Work instruction
I would like the entries transcribed word for word, please, with the pictures removed.

═══ Material shown ═══

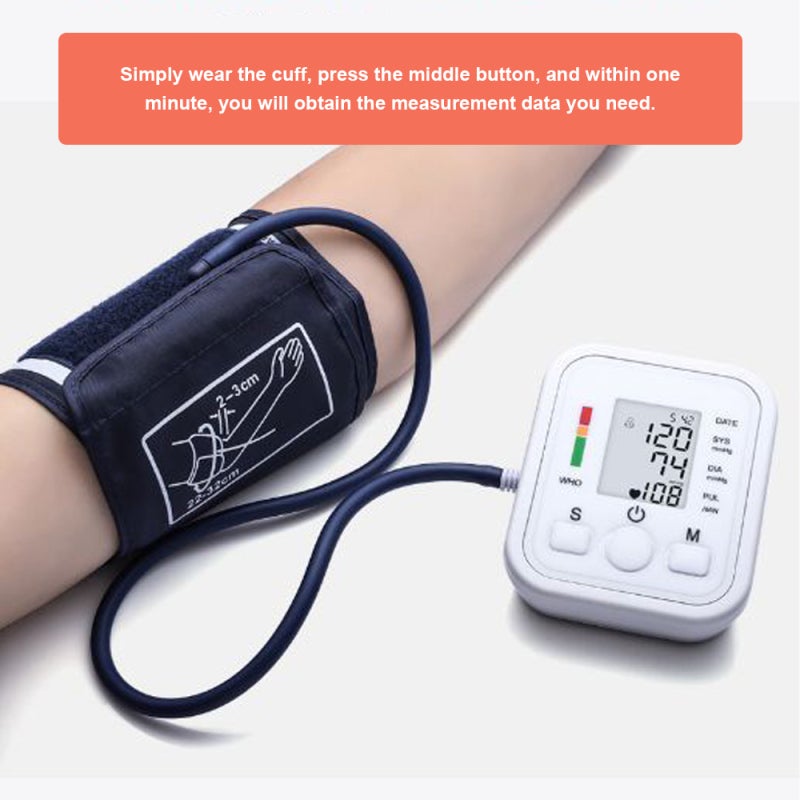 Blood Pressure Monitor: White Portable Upper Arm Device - Accurate Readings Clear LCD Display Memory Function Intelligent Voice Prompt Dual Power for Home Health Monitoring Heart Rate Tracking - Image 3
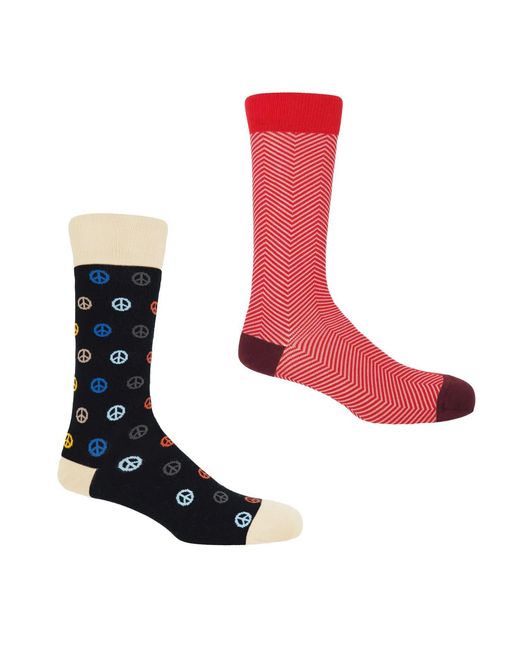 Peper Harow - Made in England Black Lux Taylor & Peace Socks Two Pack for men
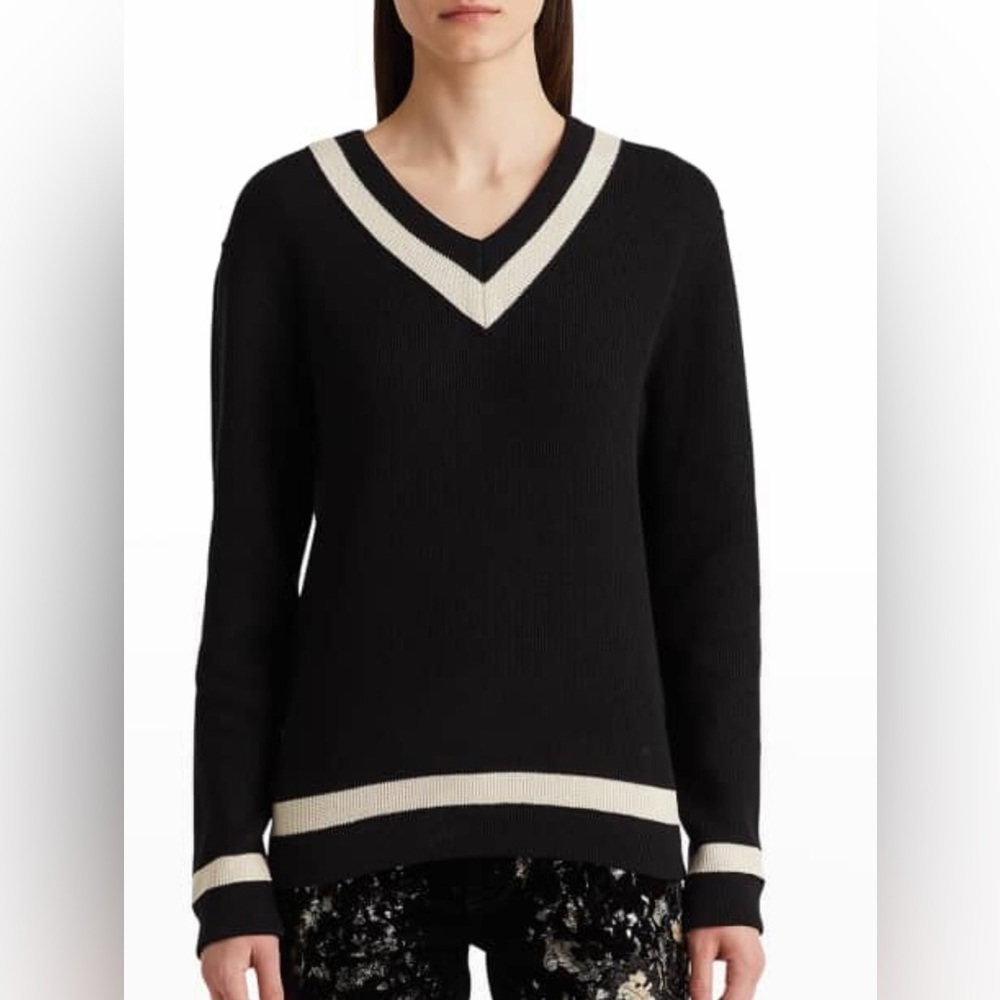 Ralph Lauren polo golf Cricket Contrast-Trim Knit Sweater black white medium EUC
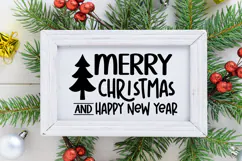 Merry Christmas and Happy New Year Sign SVG, Farmhouse Sign Product Image 2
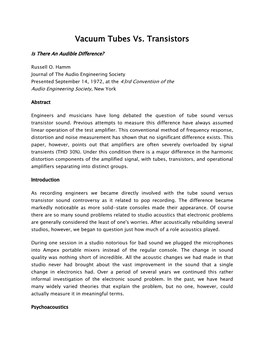 Vacuum Tubes Vs. Transistors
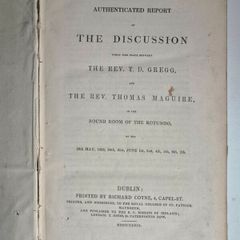 Rare 1839 1st Ed Gregg & Maguire Dublin Debate Untrimmed Original Boards. Rotunda Discussion Irish Church History Uncut Pages.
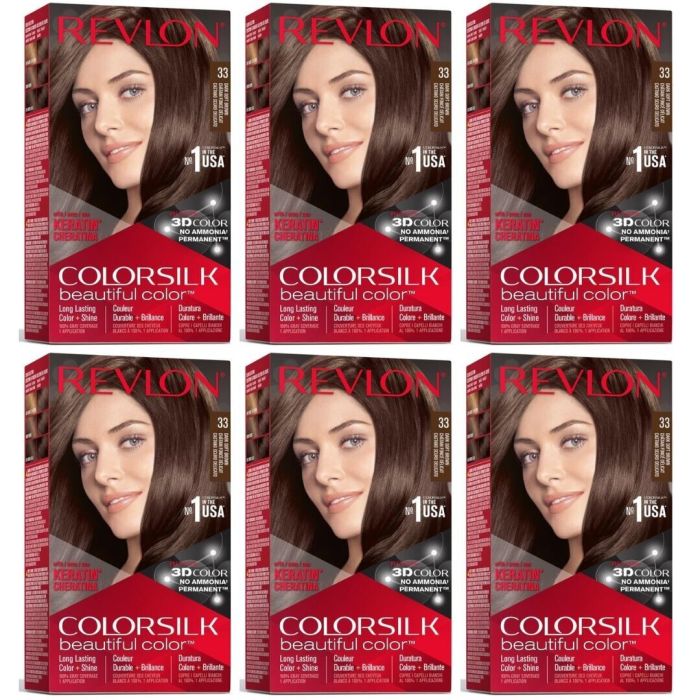 Revlon Colorsilk Hair Dye Permanent Dark Soft Brown 33 - Pack of 6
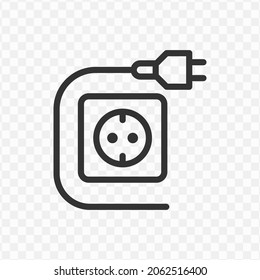 Vector Illustration Of Plug Cable Icon In Dark Color And Transparent Background(png).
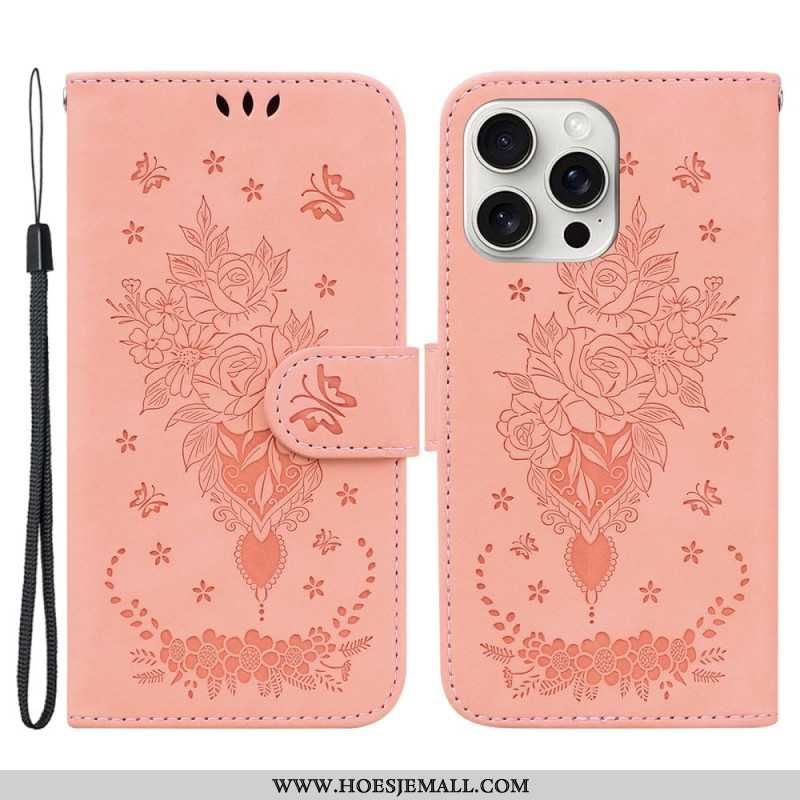 Skórzany Futerał iPhone 16 Pro Max Etui Na Telefon Kwiaty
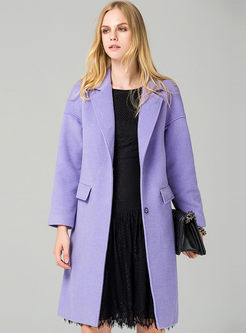 Brief Candy Color Slim Lapel Woolen Coat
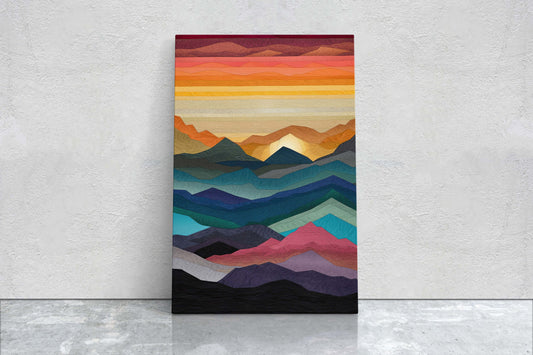 Minimalist Mountains, Sunset Decor, Flat Art, Vibrant Color, Bold Art, Vertical, Abstract Mountain, Mid Century Modern, Scandinavian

═══

Result of this exercise
 Blood Pressure Monitor: White Portable Upper Arm Device - Accurate Readings Clear LCD Display Memory Function Intelligent Voice Prompt Dual Power for Home Health Monitoring Heart Rate Tracking - Image 3
 Peper Harow - Made in England Black Lux Taylor & Peace Socks Two Pack for men
 Ralph Lauren polo golf Cricket Contrast-Trim Knit Sweater black white medium EUC
 Merry Christmas and Happy New Year Sign SVG, Farmhouse Sign Product Image 2
 Vacuum Tubes Vs. Transistors
 Rare 1839 1st Ed Gregg & Maguire Dublin Debate Untrimmed Original Boards. Rotunda Discussion Irish Church History Uncut Pages.
 Revlon Colorsilk Hair Dye Permanent Dark Soft Brown 33 - Pack of 6
 Vector Illustration Of Plug Cable Icon In Dark Color And Transparent Background(png).
 Skórzany Futerał iPhone 16 Pro Max Etui Na Telefon Kwiaty
 Brief Candy Color Slim Lapel Woolen Coat
 Minimalist Mountains, Sunset Decor, Flat Art, Vibrant Color, Bold Art, Vertical, Abstract Mountain, Mid Century Modern, Scandinavian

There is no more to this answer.